Like the mid-20th-century economists whose reasoning in terms of unwisely chosen aggregates led them to argue that public debt owed “to ourselves” is not much of a problem, Paul Krugman recognizes that one way that even such internally owed debt does pose a potential problem is if private productive activity is reduced by higher marginal tax rates made necessary for government to pay off the debt. Such a tax-induced reduction in productive output is a cost even of internally owed debt.
I ignore here the question of just how large or small this problem might be in reality. (To address this question adequately requires a discussion of the likely consequences of deficit financing on both the quantity and the quality of government projects funded with debt – and, hence, on the size of the debt burden passed on by current policymakers to future taxpayers.)
Instead, let’s be content to note that, on Krugman’s thesis, even this problem is avoidable. All that today’s government need do when faced with the need to raise marginal tax rates today in order to pay off yeterday’s debts is to default.
Insofar as we owe the debt to ourselves, default simply means that we choose not to repay ourselves.

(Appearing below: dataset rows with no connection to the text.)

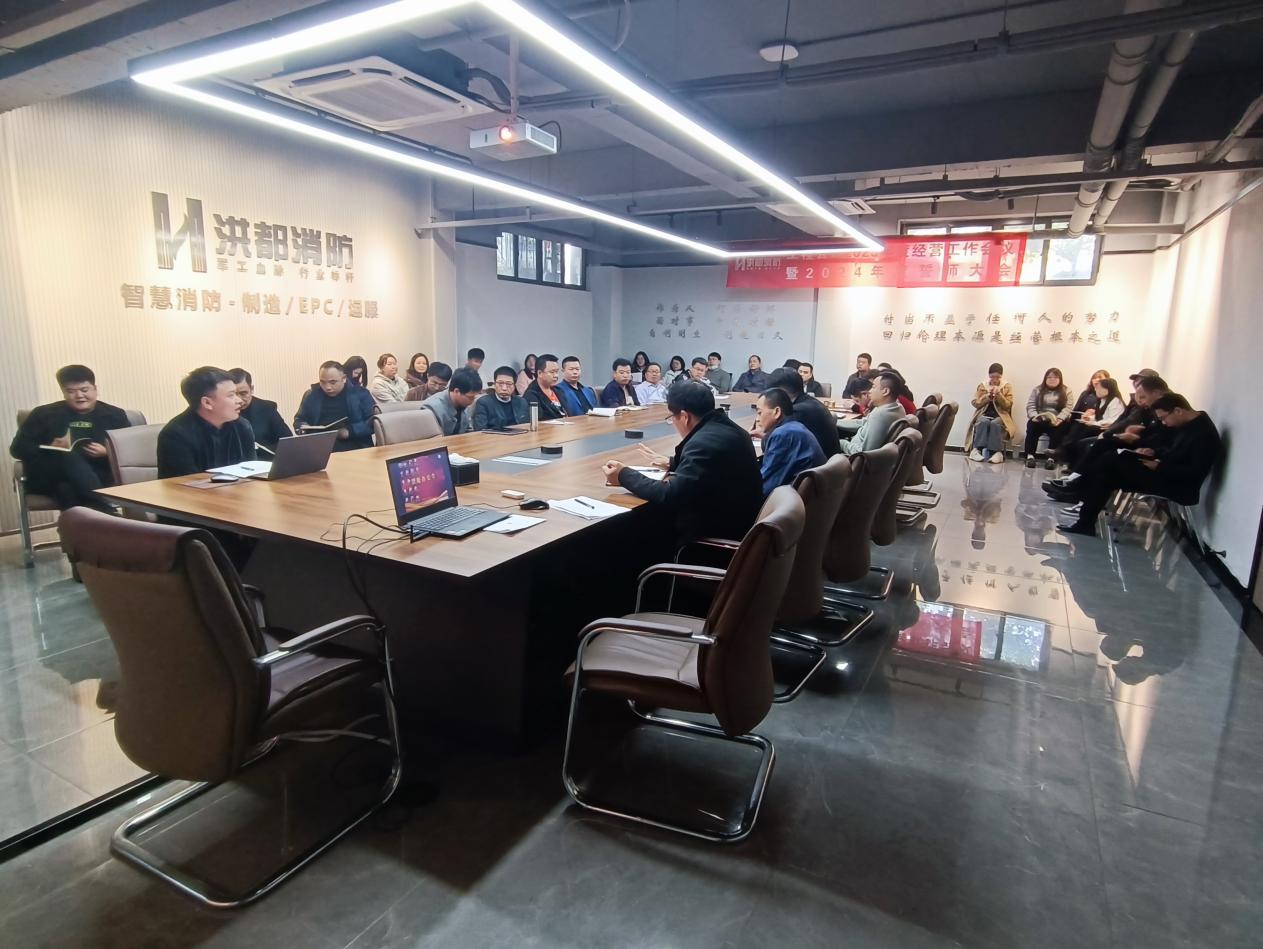 更新、、、、重启、、向上丨洪都门业春节后收心动员暨培训会议圆满召开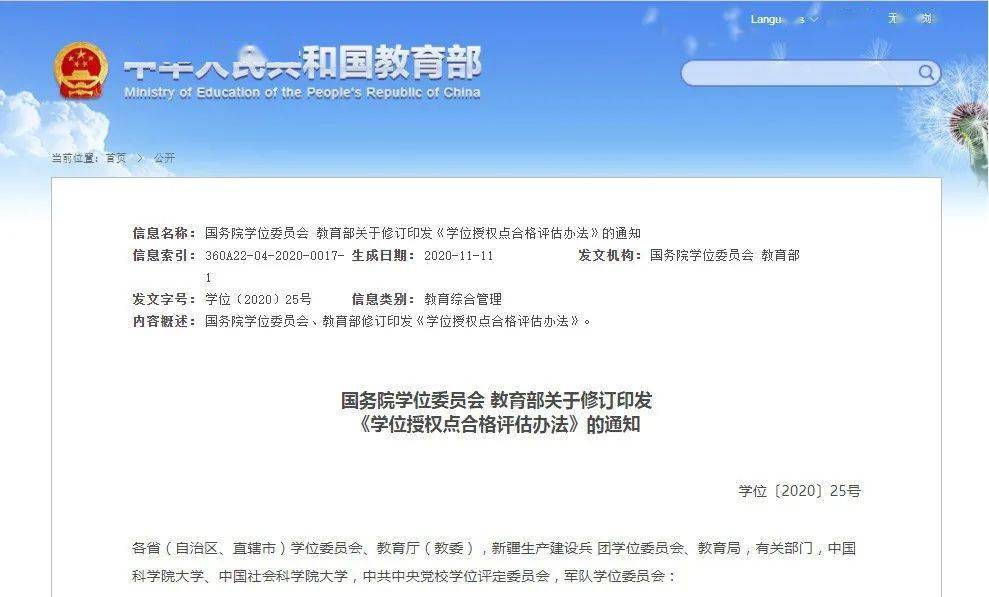 澳門特馬今晚開碼查詢，探索未來的彩票世界（2025年），澳門特馬未來彩票趨勢探索，今晚開碼查詢與未來展望（2025年）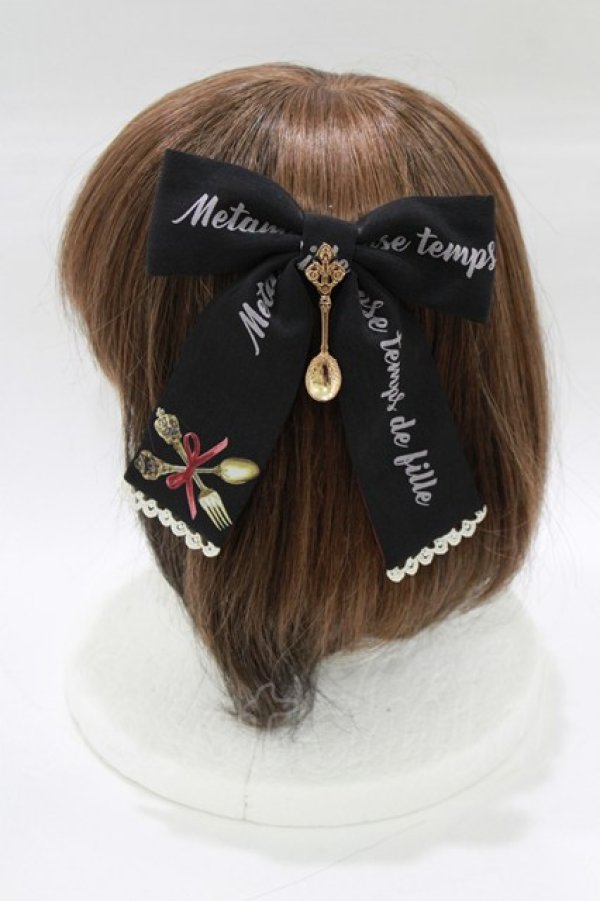 画像2: metamorphose / Beau Couvert リボンクリップ  ブラック H-26-01-23-070-ME-AC-NS-ZH (2)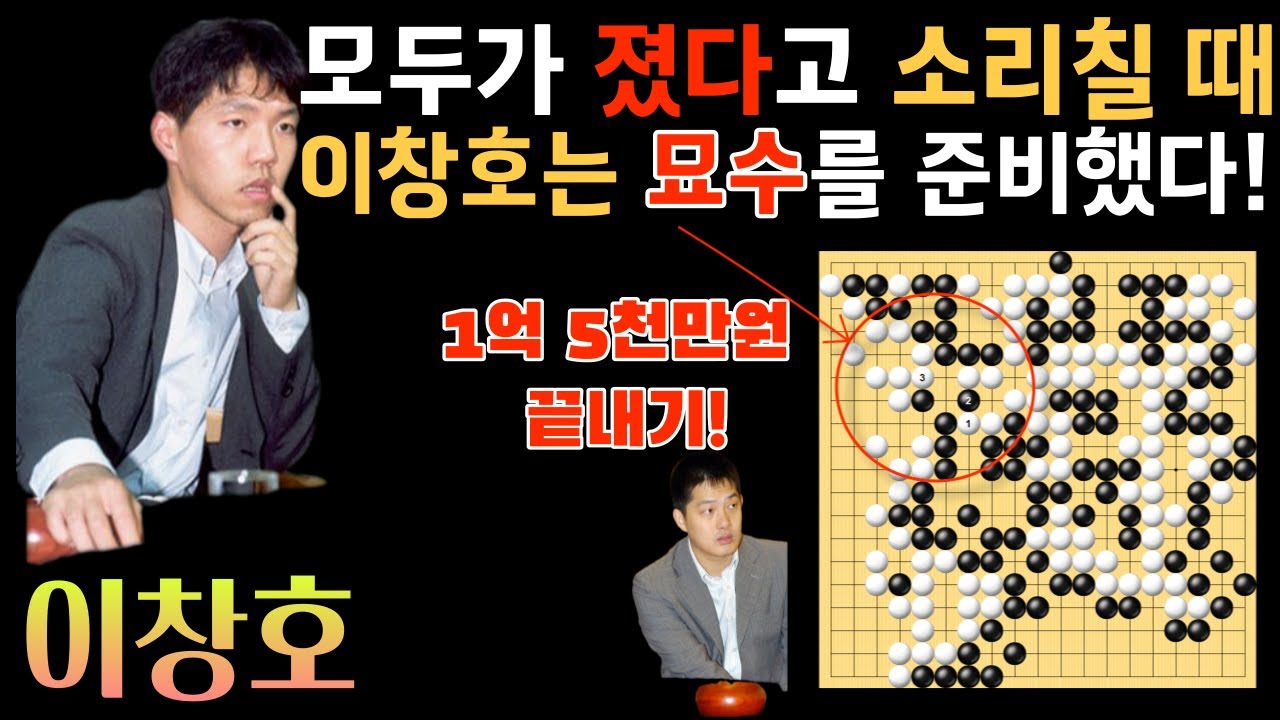 이창호! 모두가 졌다고 소리칠 때! 이창호는 묘수를 준비했다! 1억 5천짜리 끝내기!  [제11회 후지쯔배 결승국 이창호 VS 창하오 1998-08-01] #바둑 #이창호 #묘수
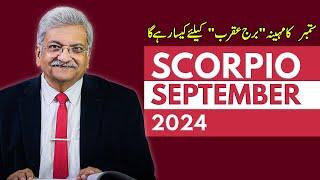 Scorpio September 2024 | Monthly Horoscope | Scorpio Monthly Horoscope | Syed M Ajmal Rahim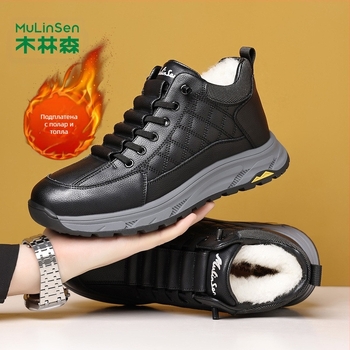 Мъжки памучни обувки Mullinsen, зимни, с поларена подплата, дебели, топли вълнени снежни ботуши, за млади и средна възраст, с дебела подметка, неплъзгащи се мъжки обувки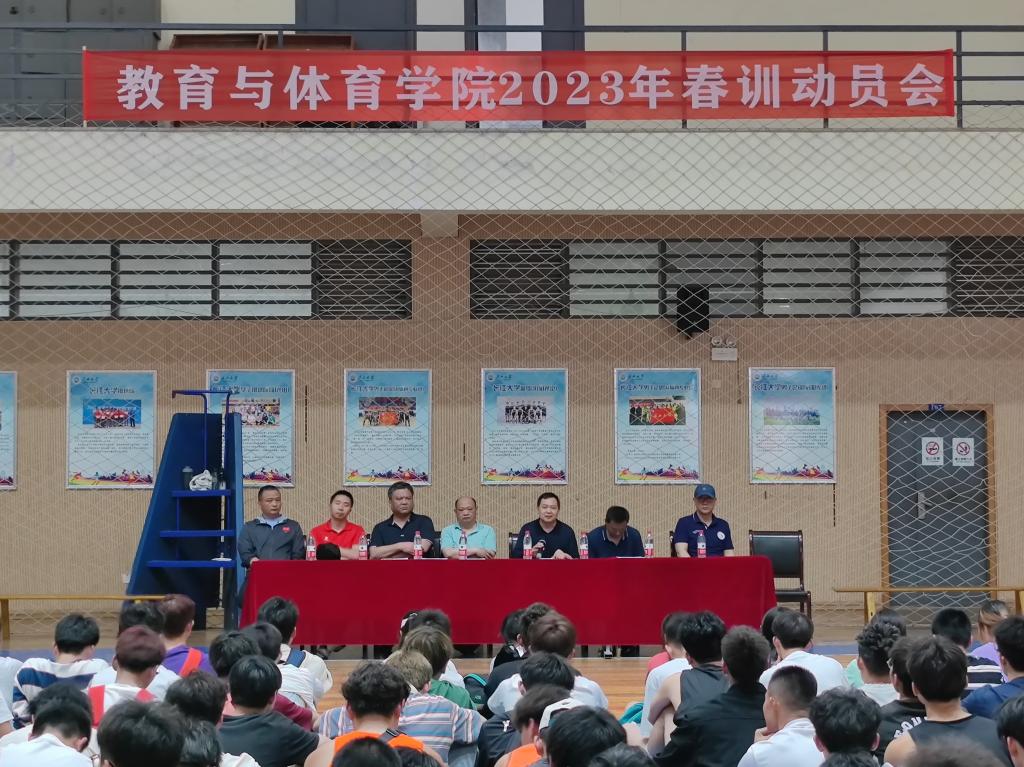 304永利集团登录入口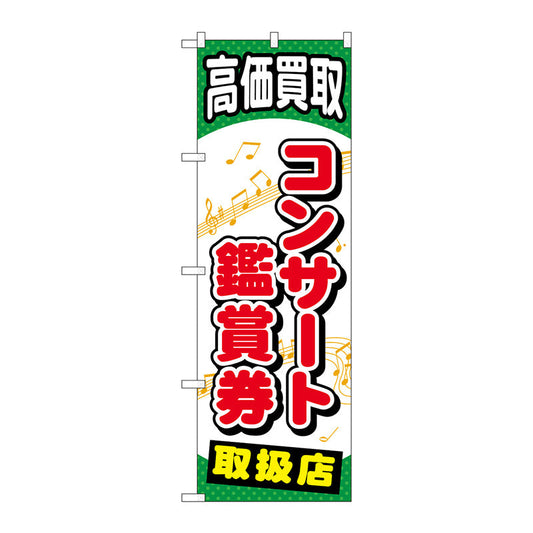 のぼり旗　コンサート鑑賞券　Ｎｏ．ＧＮＢ－２０５６　Ｗ６００×Ｈ１８００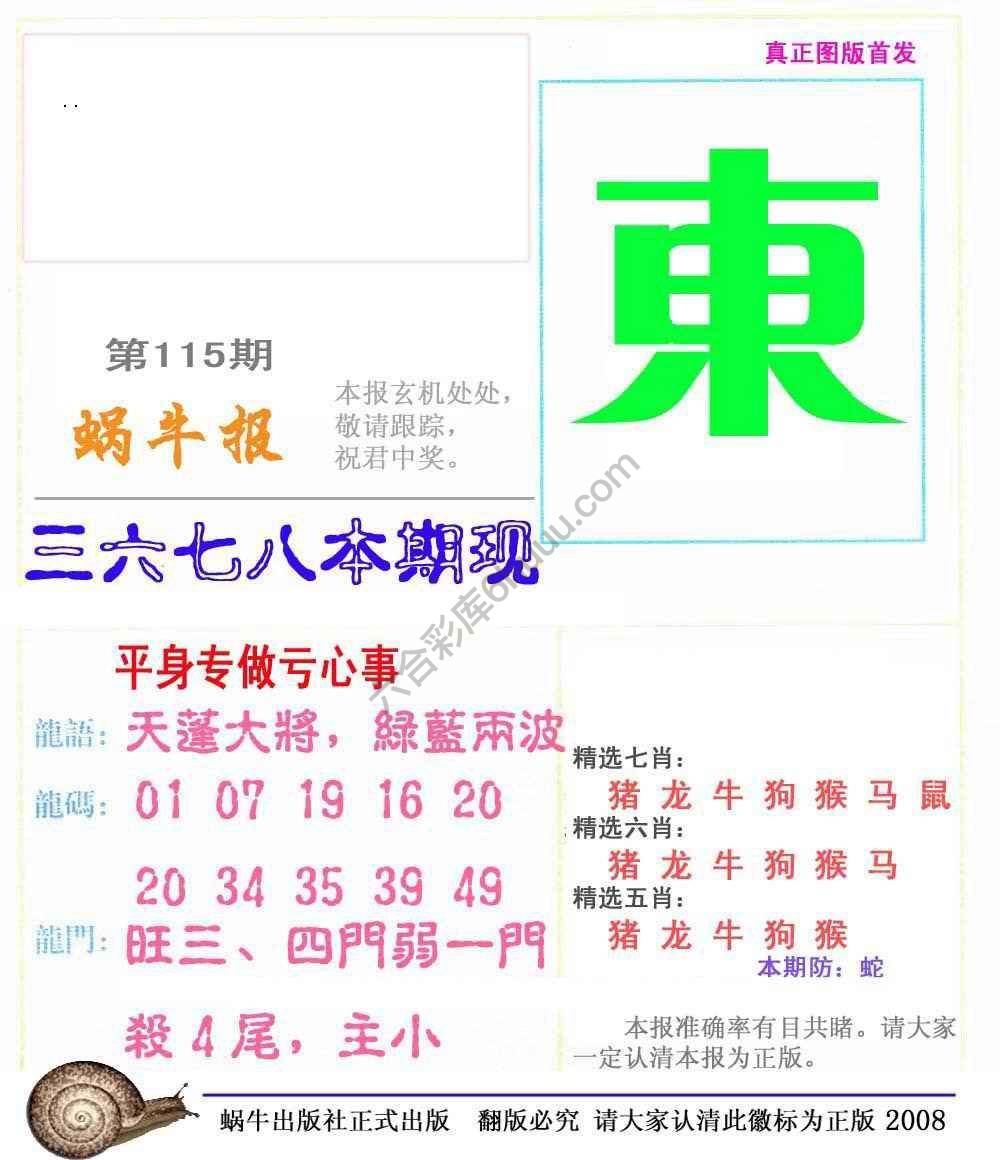 蜗牛彩报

Right-hand owes left-hand; right-hand refuses to pay what it owes to left-hand – no big deal: the entity to which both hands are attached possesses the same amount of money with default as it would with payment. (Indeed, the entity possesses slightly more money with default, as the right-hand avoids dropping any money on the floor in its exercise of transferring funds to the left-hand.)
Now I doubt that Krugman (or any other adherent of the “we owe it to ourselves” school) would advise that default be generally used. The chief reason, of course, is that default today – while making all but today’s holders of mature debt better off – will greatly diminish government’s ability to borrow tomorrow. (The right-hand, alas, suffers a weird inability to understand that it’s part of the same relevant aggregate entity as the left-hand. This problem, though, is not one that we can pause to explore further.)
Why – on the “public debt is no significant burden insofar as we owe it to ourselves” hypothesis – should adherents of this hypothesis worry about any reduced ability of government to borrow in the future? Any money not loaned to government tomorrow is not loaned by us; we still have that money. It will be used by our right-hand if not by our left. But so what? We tomorrow still possess whatever money government tomorrow tried, but failed, to borrow. We refuse to lend to ourselves – no big deal.
If “we” is a relevant economic unit, how is “we” harmed by “us” refusing to lend to “us”?